• TASK PROMPT:
Copy, exactly as written, the lines that begin at the one containing "嗓子两侧的肉肉上有小眼,不知道是什么?舌头根部还有豆?" and end at the one containing "Camazine | Pixels". Skip any pictures in the data below.

• GIVEN RECORDS:

★ ★ ★

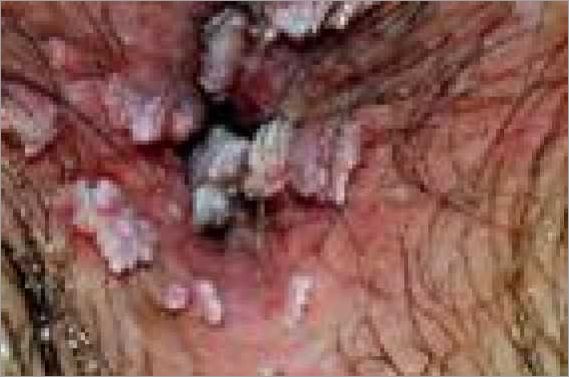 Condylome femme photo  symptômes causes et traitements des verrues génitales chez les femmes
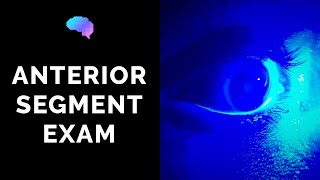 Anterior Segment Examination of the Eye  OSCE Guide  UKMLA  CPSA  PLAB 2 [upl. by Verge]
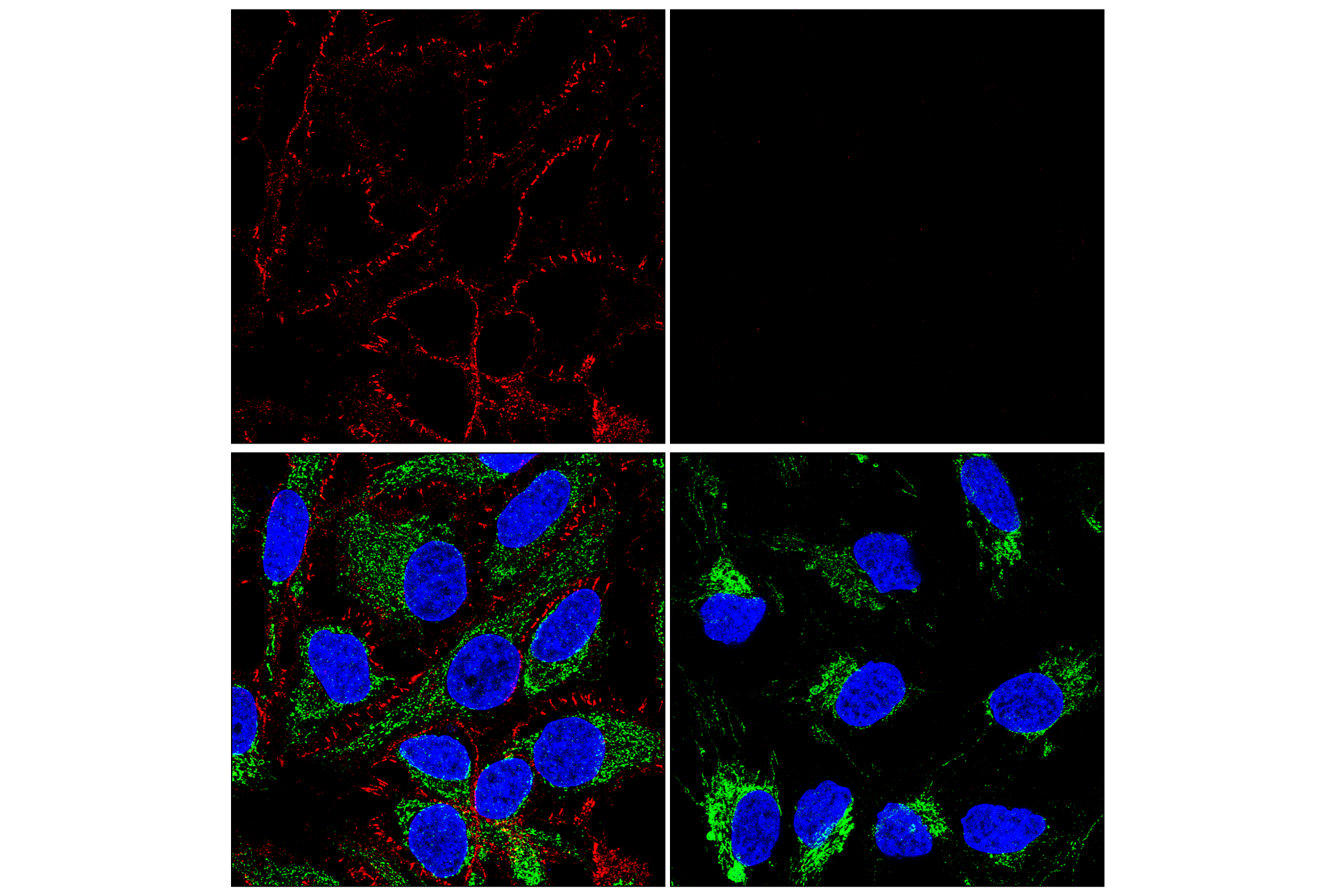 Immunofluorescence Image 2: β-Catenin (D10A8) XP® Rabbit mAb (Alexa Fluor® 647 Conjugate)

★ ★ ★

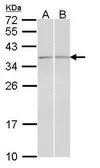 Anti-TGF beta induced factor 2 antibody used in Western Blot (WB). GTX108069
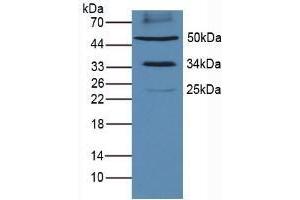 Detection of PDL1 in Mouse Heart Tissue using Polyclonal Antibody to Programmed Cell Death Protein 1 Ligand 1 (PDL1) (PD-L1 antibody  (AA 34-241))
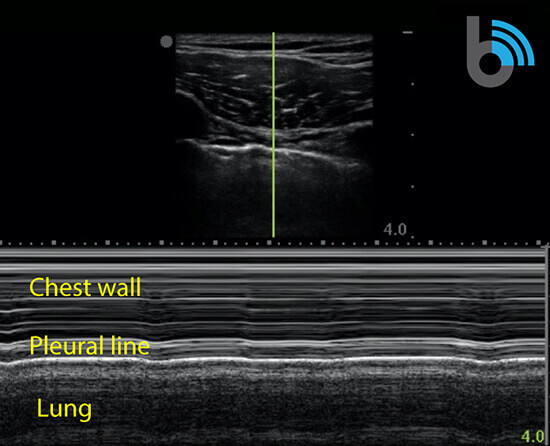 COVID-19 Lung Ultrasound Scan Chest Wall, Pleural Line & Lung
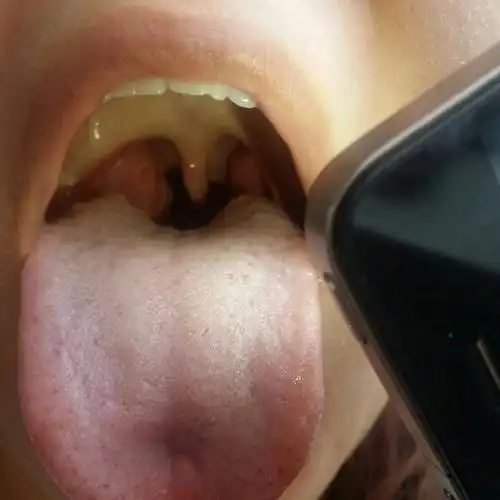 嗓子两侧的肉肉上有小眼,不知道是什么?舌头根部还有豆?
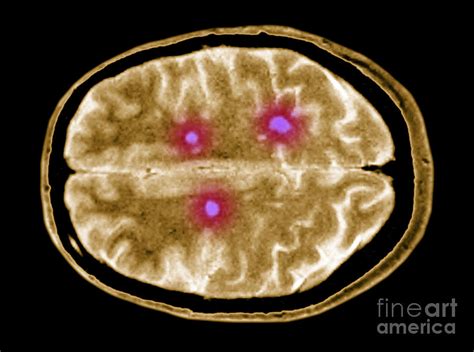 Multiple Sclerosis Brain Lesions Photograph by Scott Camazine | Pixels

★ ★ ★

• ANSWER BOX:
 嗓子两侧的肉肉上有小眼,不知道是什么?舌头根部还有豆?
 Multiple Sclerosis Brain Lesions Photograph by Scott Camazine | Pixels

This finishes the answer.